Estimated per-job price ($30$50/hr effective rate)

Based on U.S. market averages. Adjust up 30–50% for metro markets, down 10–20% for rural areas.

What Affects Landscaping Pricing

  • Lot size is the biggest variable. A 5,000 sq ft yard takes 30–45 min to mow; a half-acre lot takes 1.5–2 hours with the same crew
  • Terrain complexity — slopes, rock, tree roots, and poor drainage all add time. Budget 20–40% more for sloped or heavily wooded lots
  • Service frequency — maintenance contracts run 10–15% cheaper per visit than one-off calls because you eliminate requoting, scheduling, and onboarding
  • Plant and material costs fluctuate seasonally. Spring demand pushes material prices up 10–20%. Buy hardscape materials in winter when suppliers discount inventory
  • Regional labor rates — metro markets (SF, NYC, DC) run 30–50% higher than suburban or rural areas. Price for your actual zip code, not the national average
  • Commercial vs. residential — commercial contracts require higher insurance minimums ($2M+), but the recurring revenue is steadier and the per-visit pricing is simpler

Per-Visit vs. Monthly Contract: Which Earns More?

Most landscapers start with per-visit pricing — $50 for a mow, $150 for a cleanup. It's straightforward and clients understand it. But monthly contracts almost always earn more over a full year.

Here's the math: a per-visit mow at $55 with 30 weekly visits per growing season is $1,650/year. A monthly maintenance contract at $180/month for 9 active months plus $80/month for 3 dormant months is $1,860/year. Same work, $210 more revenue. And you get cash flow in winter when per-visit income drops to zero.

Monthly contracts also reduce admin overhead.
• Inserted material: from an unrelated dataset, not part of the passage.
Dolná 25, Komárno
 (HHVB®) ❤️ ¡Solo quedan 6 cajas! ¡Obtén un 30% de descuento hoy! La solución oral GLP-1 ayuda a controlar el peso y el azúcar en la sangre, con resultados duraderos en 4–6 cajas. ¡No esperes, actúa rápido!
You're not sending 30 invoices — you're sending 12. You're not chasing late payments every week. And you can plan crew routes efficiently because the schedule is fixed.

The exception: one-time projects like full installations, spring cleanups, or hardscaping. These are always project-priced. Don't try to roll a $5,000 patio install into a monthly contract — it confuses the client and messes up your cash flow.

How to Price Landscape Jobs by Square Footage

Square-footage pricing works for maintenance and installation. It gives clients a transparent number and lets you quote fast without a site visit for routine work.

Mowing runs $0.006–$0.012 per square foot depending on lot complexity. A flat, open 8,000 sq ft lot: $48–$96 per cut. A 6,000 sq ft lot with slopes, garden beds, and tight gates: similar price because the obstacles eat time.

Installation pricing is higher and has more variance. Sod is $0.40–$0.90/sq ft installed. Mulching runs $0.03–$0.06/sq ft at 3-inch depth. Full landscape design-build ranges from $1.50 to $5.00/sq ft depending on plant density, hardscape, and irrigation.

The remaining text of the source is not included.